Ormai gli hype li si costruisce partendo dalla smentita: il caso di Grimes, una ragazzetta senza talento con un disco di brutte figure di (te piacerebbe) pop contemporaneo, è abbastanza emblematico. S’è iniziato a sentirne parlare male prima di iniziare a sentirne parlare, come se gli hater si fossero mossi prima degli hipster, e poi qualcuno ha instillato il dubbio che non fosse poi così pessima e di lì a tre giorni ci siam trovati in tasca la nuova Karen O e l’idea che una nuova Karen O invece di gambizzare la Karen O vecchia fosse un’idea allettante. Conferme e smentite si sono spinte per settimane e settimane, mentre Visions collezionava una quantità impressionante di ascolti senza che nessuno avesse una pallida idea di cosa farsene. Poi fatto un giro per concerti da queste parti e s’è capito che manco gli hater avrebbero dovuto scomodarsi. Io purtroppo l’ho persa.

BARONESS – YELLOW / GREEN

Sulla fiducia. Il disco non è ancora uscito, ma quando sarà il momento forse qualcuno vorrà convincerci del fatto che un doppio album prog metal senza il tiro e senza la fotta sia –a qualsiasi titolo- una buona mossa o qualcosa a cui guardare per rintracciare dei segni tramite cui rifondare l’heavy metal della nostra epoca.

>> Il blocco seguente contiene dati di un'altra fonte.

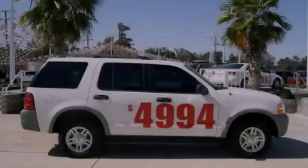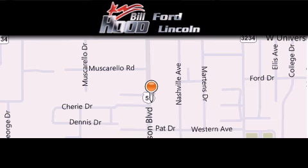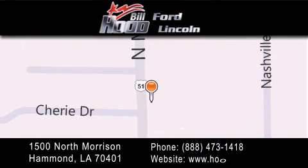Contact us today to arrange your test drive. Bill Hood Ford Lincoln is located at 1500 North Morrison in Hammond. Our goal is to exceed all of your expectations to ensure that you'll return for future visits.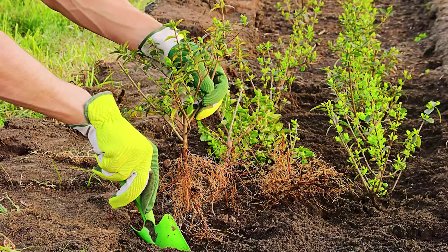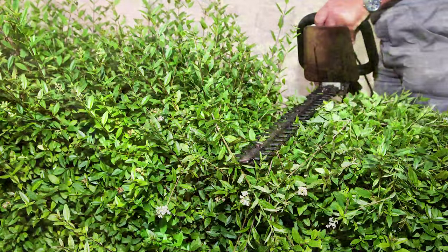Privet hedges can be planted in a number of different situations and are tolerant of all but wet soils. It is one of the most highly recommended hedging plants for urban areas. Although Privet will grow in coastal areas and exposed sites, it is a semi-evergreen, which means it may defoliate in cold winters.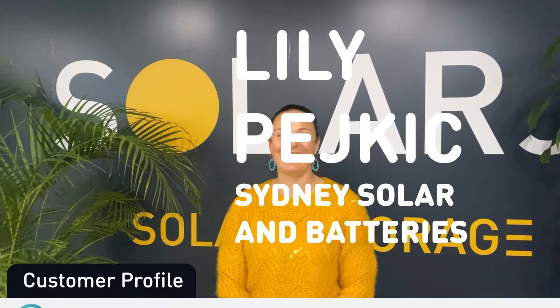And now it's time for our customer profile. Today we have Lily from Sydney Solar and Batteries. Hi, my name is Lily from Sydney Solar and Batteries. We are located in the eastern suburbs of Sydney, and we service the greater Sydney region. I have been in the industry since 2005. I started my apprenticeship with the power company. I then moved on to study environmental science at the University of New South Wales. We focus on community-based projects, bespoke systems and designs, and architectural homes as well.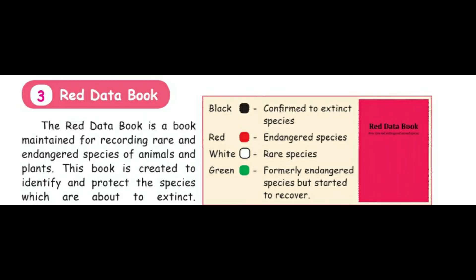Number three: the Red Data Book. The Red Data Book is a book maintained for recording rare and endangered species of animals and plants. This book is created to identify and protect the species which are about to go extinct.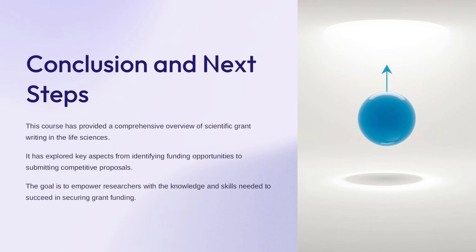This presentation summarizes the key takeaways from the course on scientific grant writing. We've covered the essential elements of identifying funding opportunities, crafting compelling proposals, and positioning yourself for success in securing grant funding. The overarching goal has been to empower researchers with the knowledge and skills needed to navigate the grant writing process effectively. As you move forward, remember the strategies and best practices discussed—they will be invaluable as you seek out and apply for grants. Continue honing your grant writing abilities, as the more experience you gain, the more competitive your proposals will become.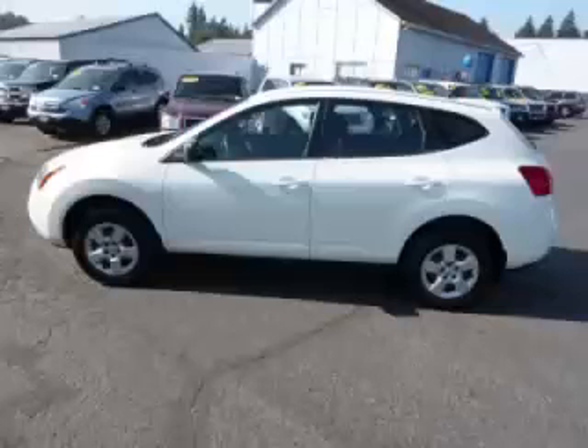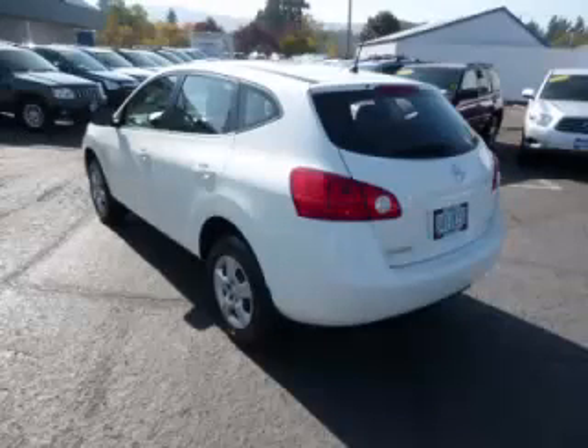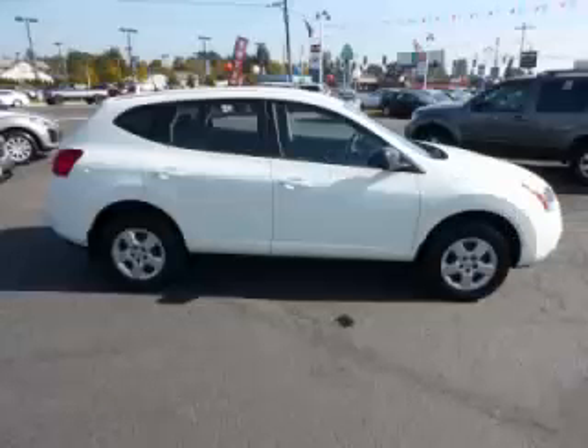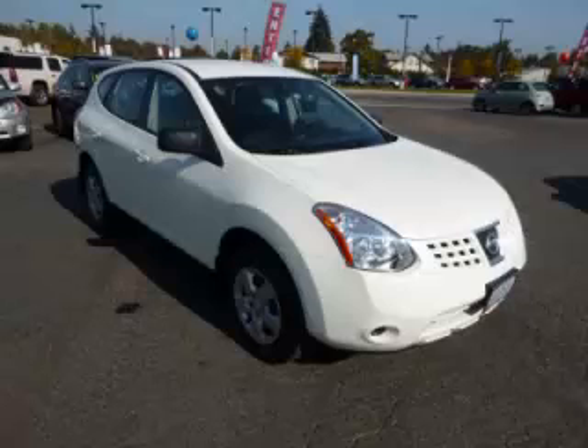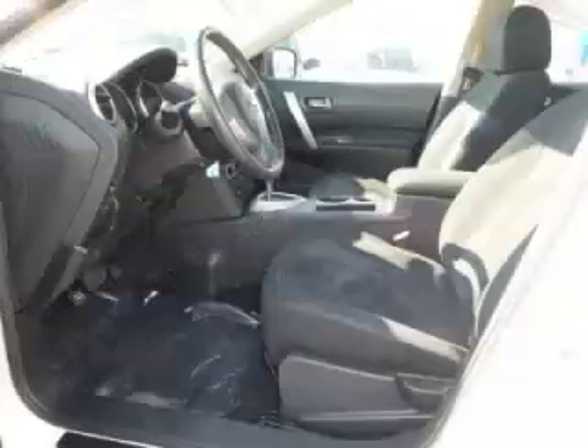This is a 2009 Nissan Rogue S. This Nissan just recently passed the 34,000 mile mark and maintains exceptional quality and reliability, complete with a 2.5 liter L4 engine. Top features include a navigation system, overdrive, fold-away mirrors, and bucket seats.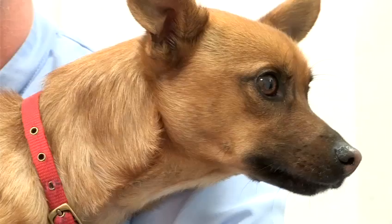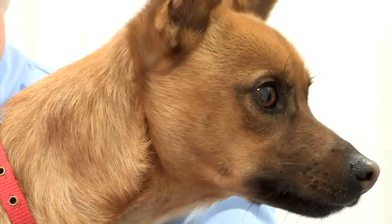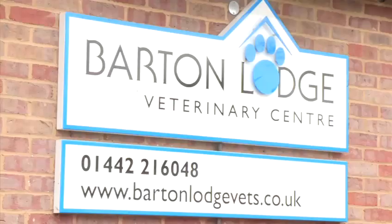Hello, my name is Roger Wickenden. I'm a director here at Barton Lodge Veterinary Centre in Hemel Hempstead. I've been a veterinary surgeon for over 30 years now, so today what I'm going to try and do is to answer some of the questions you've been asking about your dog's health problems.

Probabilmente avevamo sbagliato NOI a puntare una cifra anche simbolica su John Baizley, voglio dire, già il Red Album è noiosissimo, ma insomma.

PIL – THIS IS PIL

Altro disco che stiamo ascoltando a raffica, e col plurale intendo io, fatto di b-side della mente umana e deliri in forma di filastrocca che se fossero in italiano probabilmente si griderebbe al Vasco Rossi, con sotto musica da camera PILiana al minimo sindacale, che ci sta affascinando solo perché sfida le nostre certezze in merito a cosa sia pubblicabile e cosa no. Non in senso so bad it’s good, sia chiaro: è più che altro il solito discorso di non capire come la mancanza d’interesse possa elevarsi a forma mentis. John Lydon cavalca l’onda con una dignità rara, ma rimane comunque la questione di ritrovarsi tra due o tre o sei mesi al raduno mensile dei fan dell’ultimo disco dei PIL e saremo rimasti in sette, il ristorante farà schifo e twitter sarà in down.

UNSANE – WRECK

Non posso nascondermi dietro a un dito e questa è l’unica musica che oggi ritengo imprescindibile e necessaria. Naturalmente è uguale identica alla musica prodotta sotto lo stesso nome e dalla stessa gente vent’anni fa, e quello che IO considero necessario dovrebbe essere preso ad esempio di cosa dovrebbe essere preso e buttato nel cestino con sdegno e disgusto in quanto appannaggio di una generazione di vecchi con la bava e la schiena malferma che pensano di insegnare qualcosa a qualcuno. Ieri ero in mezzo a un viaggio in auto con un programma radio di Assante e Castaldo, nel quale veniva più o meno snocciolata la playlist definitiva DEL ROCK, della quale ho fatto in tempo a sentire solo le prime tre posizioni che erano Bob Dylan, i Led Zeppelin e i Pink Floyd, massimo rispetto per Bob Dylan per carità, ma proprio vaffanculo. Ecco, gli Unsane sono i miei Led Zeppelin con meno idee e più fotta, e niente e nessuno riuscirà mai a giustificare la mia mancanza d’immaginazione, men che meno il fatto che gli Unsane di questa generazione non esistano o siano dei manigoldi con una mano sulla frangia e l’altra sull’iPhone. Se avessi diciott’anni probabilmente prenderei una chitarra e caccerei il me vecchio bavoso col trip del noise a piangere in un angolo, o morirei provandoci, o magari mi farei le foto dall’alto ascoltando gli I’m From Barcelona, e rimane comunque il punto.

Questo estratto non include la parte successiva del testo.